When she discovers they are from Great Mop, a village in the Chilterns, she immediately decides that she will leave London and live there. When she returns home to tell her family the news:

“She felt as though she had awoken, unchanged from a twenty-year slumber, to find them almost unrecognisable.”

Her brother is, of course, dismissive, but her determination ensures that in the novel’s second part, we learn of her first year in Great Mop. Only now does she understand “for the first time how miserable she had been,” and Townsend Warner characterises the landscape itself as welcoming:

“Wherever she strayed the hills folded themselves around her like the fingers of a hand.”

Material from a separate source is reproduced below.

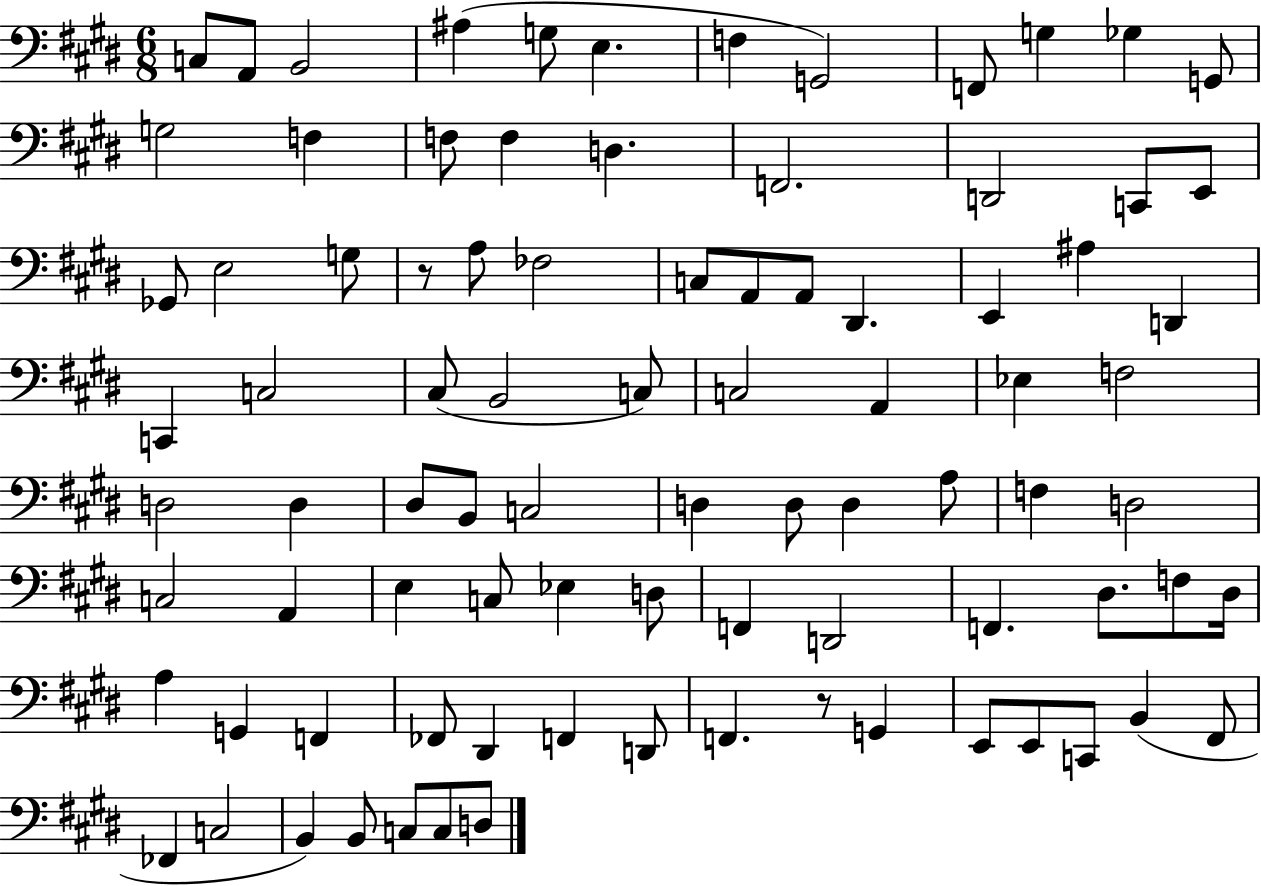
C3/e A2/e B2/h A#3/q G3/e E3/q. F3/q G2/h F2/e G3/q Gb3/q G2/e G3/h F3/q F3/e F3/q D3/q. F2/h. D2/h C2/e E2/e Gb2/e E3/h G3/e R/e A3/e FES3/h C3/e A2/e A2/e D#2/q. E2/q A#3/q D2/q C2/q C3/h C#3/e B2/h C3/e C3/h A2/q Eb3/q F3/h D3/h D3/q D#3/e B2/e C3/h D3/q D3/e D3/q A3/e F3/q D3/h C3/h A2/q E3/q C3/e Eb3/q D3/e F2/q D2/h F2/q. D#3/e. F3/e D#3/s A3/q G2/q F2/q FES2/e D#2/q F2/q D2/e F2/q. R/e G2/q E2/e E2/e C2/e B2/q F#2/e FES2/q C3/h B2/q B2/e C3/e C3/e D3/e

Still, she cannot entirely escape her family, particularly when her nephew Titus decides that he too will move to Great Mop as it is the perfect place to write the book he has been planning. She objects to the ease with which he settles, to his claim that “she is just the same,” and to the way he disturbs her walks:

“She thought the woods saw her with him and drew back scornfully.”

In desperation, she cries out, “Is there no help?” and, in the novel’s second unexpected turn, enters into a pact with the Devil. Soon she has her own familiar (a cat she names Vinegar) and has been invited to her first witches’ Sabbath. Townsend Warner prevents the novel descending into silliness with a combination of the wit and seriousness she has shown throughout. This is a novel which is often wickedly funny. Lolly, for example, finds the witches’ Sabbath less enjoyable than she had hoped:

“Even as a witch, it seemed, she was doomed to social failure…”

Its darkness can be seen when, at the same Sabbath, a man whom Lolly is convinced is Satan approaches her in a mask:

“With a fine tongue like a serpent’s, he licked her right cheek.”

It later transpires that the man is a “brilliant young author” who has sold his soul to the Devil “on the condition that once a week he should be without doubt the most important person at a party.” The ultimate joke is that only Satan can help Lolly escape from the suffocatingly conventional life and character her family insist in imposing on her:

“It had pleased Satan to come to her aid. Considering carefully, she did not see who else would have done so.”

Lolly Willowes is a novel which balances great naturalism (in both her portrait of life in London and of the countryside) with the strange and unexpected, both in its language and in its plot. It is full of wonderful turns of phrase and witty descriptions. (My favourite is perhaps Caroline’s rationale for her exquisitely folded clothes: “We have our example… The grave-clothes were folded in the tomb.”) In many ways it is like Lolly herself: bursting with a life that finally cannot be repressed. Penguin Classics are releasing the rest of her novels this year and I, for one, cannot wait to read them.